=== Section Start ===

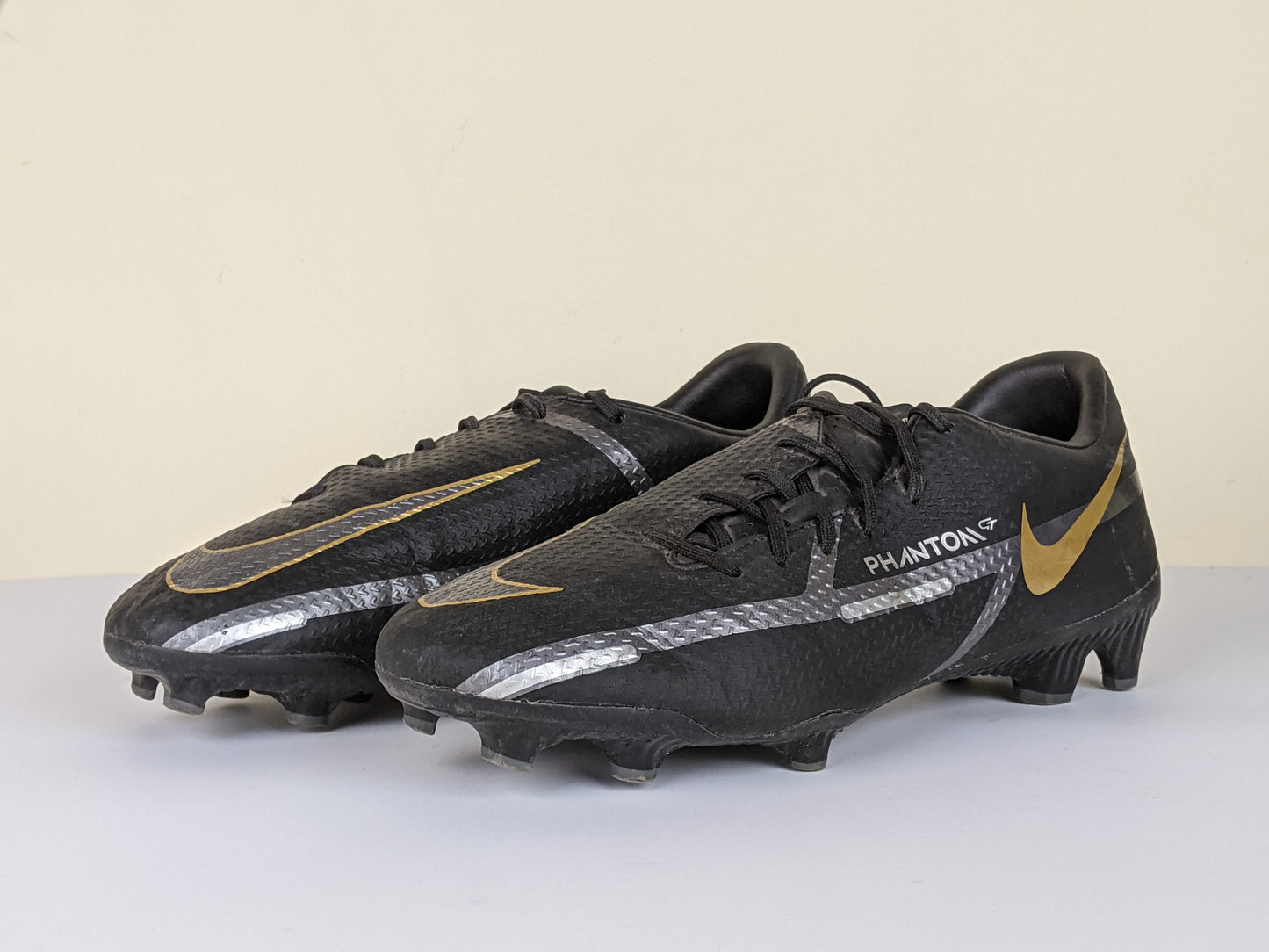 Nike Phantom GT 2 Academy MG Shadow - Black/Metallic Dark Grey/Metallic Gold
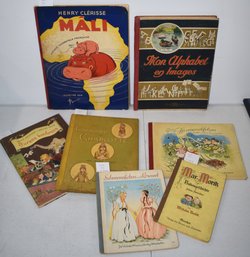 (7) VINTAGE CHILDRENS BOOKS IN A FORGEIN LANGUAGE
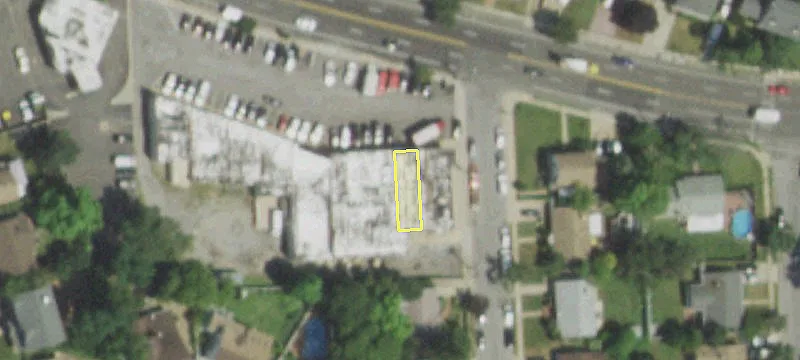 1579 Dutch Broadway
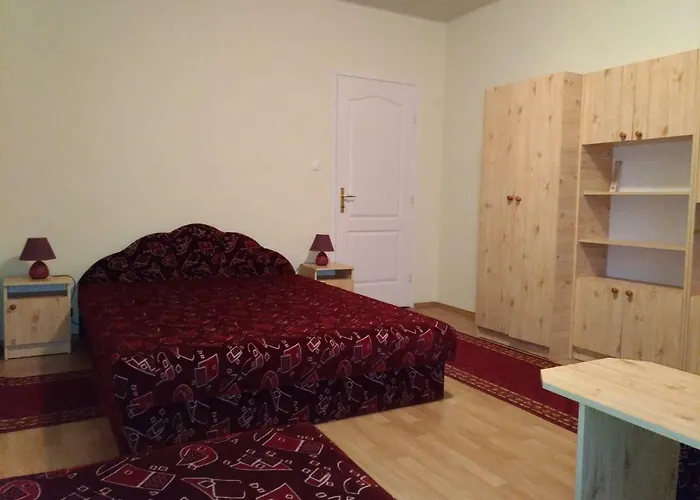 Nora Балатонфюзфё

=== Section End ===
=== Section Start ===

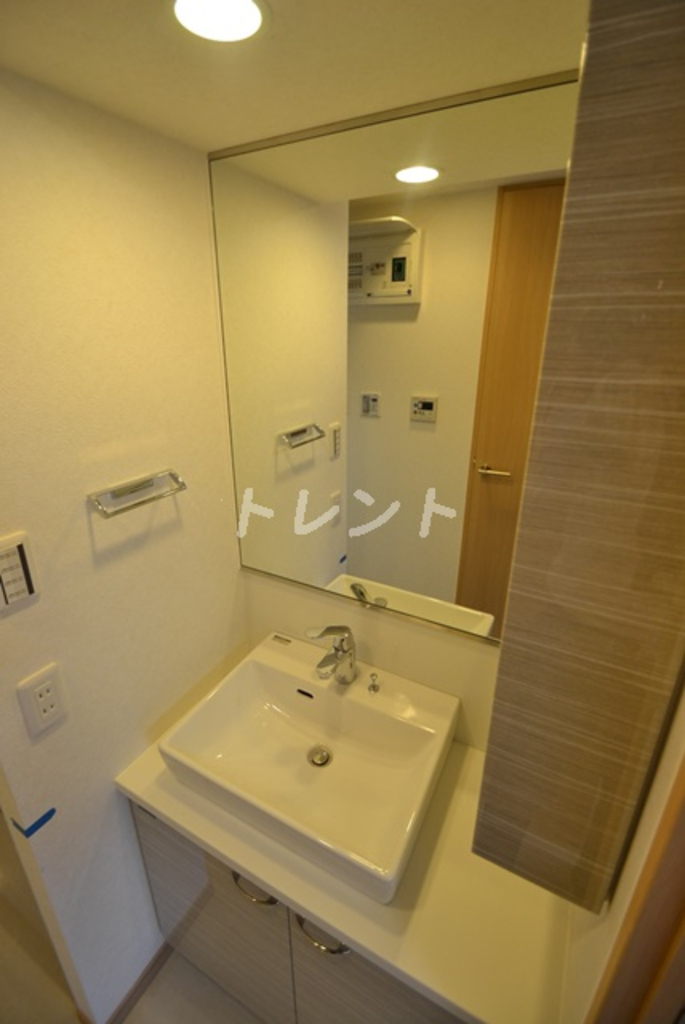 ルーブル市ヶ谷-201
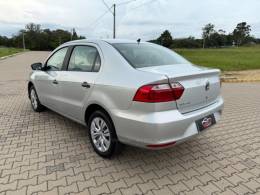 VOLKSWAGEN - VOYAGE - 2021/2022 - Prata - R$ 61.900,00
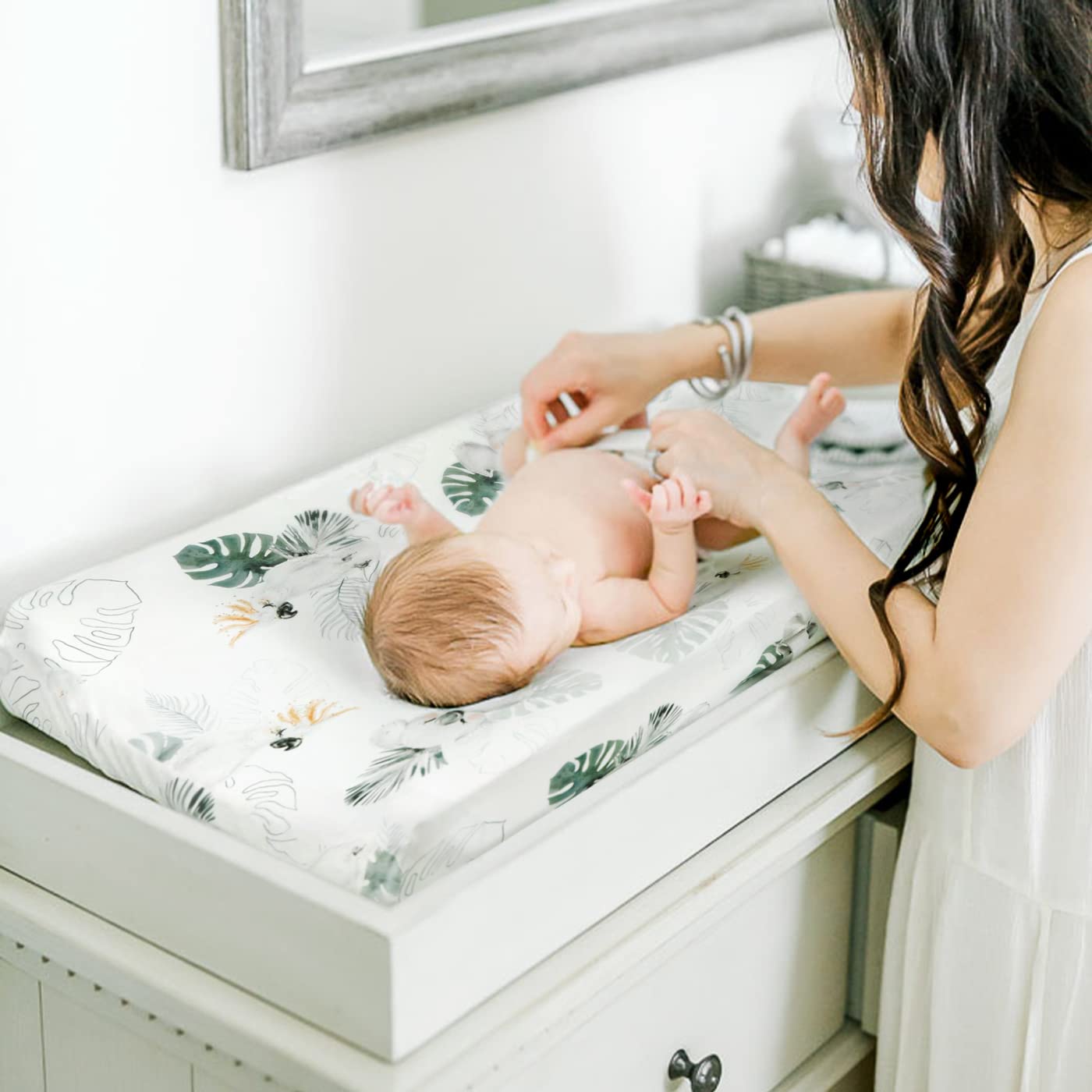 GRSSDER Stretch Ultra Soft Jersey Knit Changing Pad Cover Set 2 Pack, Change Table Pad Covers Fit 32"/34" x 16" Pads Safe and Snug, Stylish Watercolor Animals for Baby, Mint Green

=== Section End ===
=== Section Start ===

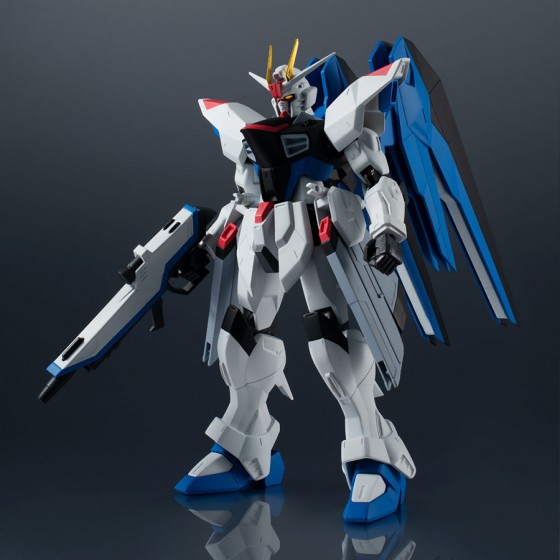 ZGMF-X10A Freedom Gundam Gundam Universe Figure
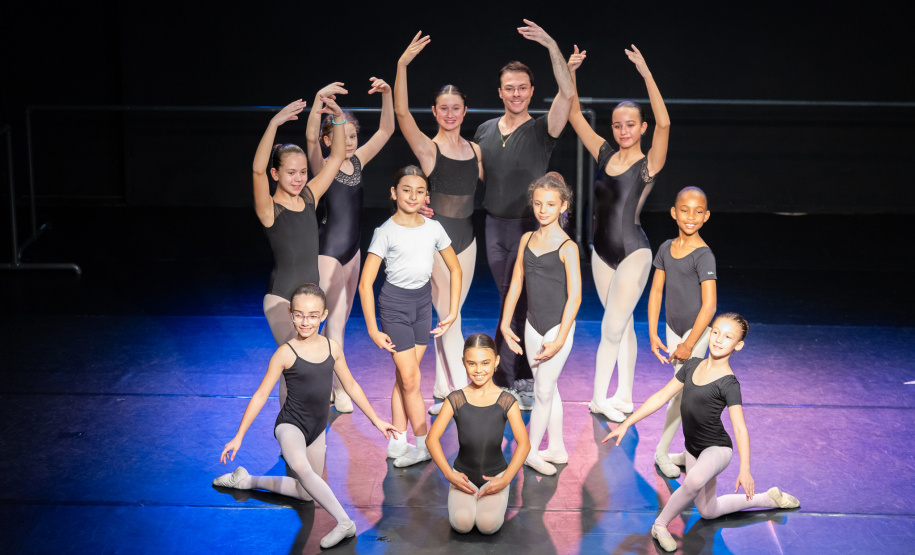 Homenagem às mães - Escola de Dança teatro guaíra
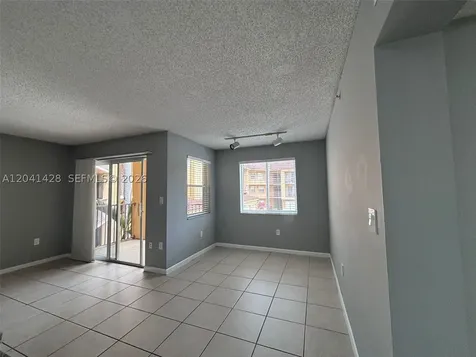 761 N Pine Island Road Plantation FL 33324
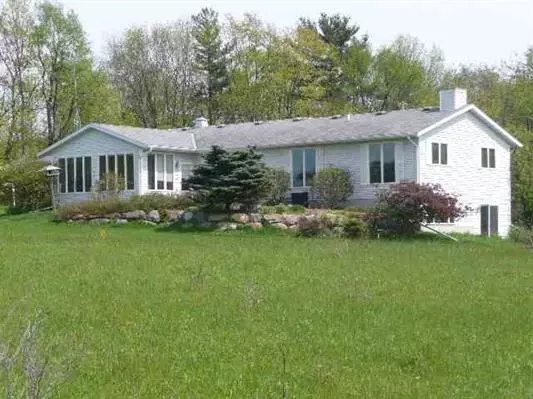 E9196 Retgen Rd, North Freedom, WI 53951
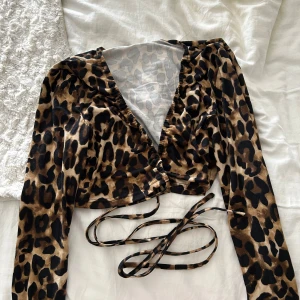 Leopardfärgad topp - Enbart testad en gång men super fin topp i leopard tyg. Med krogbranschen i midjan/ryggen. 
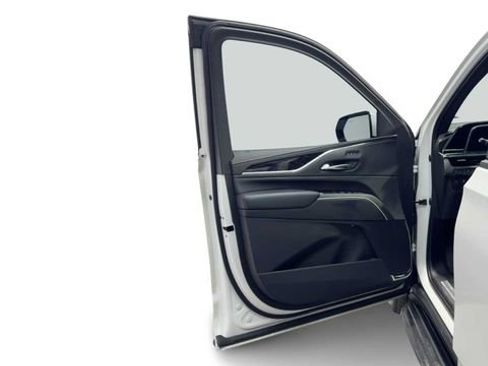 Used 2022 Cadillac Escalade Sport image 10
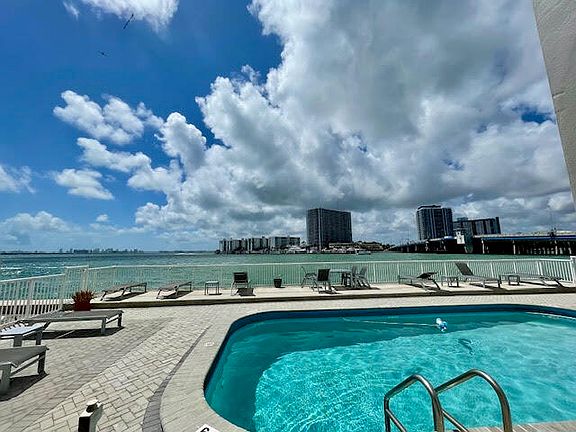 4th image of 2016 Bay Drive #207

=== Section End ===

### Task item
Reproduce the records above exactly, but only from the line with "VOLKSWAGEN - VOYAGE" up to and including the line with "GRSSDER Stretch Ultra". Leave the pictures out.

### Solution for this problem
 VOLKSWAGEN - VOYAGE - 2021/2022 - Prata - R$ 61.900,00
 GRSSDER Stretch Ultra Soft Jersey Knit Changing Pad Cover Set 2 Pack, Change Table Pad Covers Fit 32"/34" x 16" Pads Safe and Snug, Stylish Watercolor Animals for Baby, Mint Green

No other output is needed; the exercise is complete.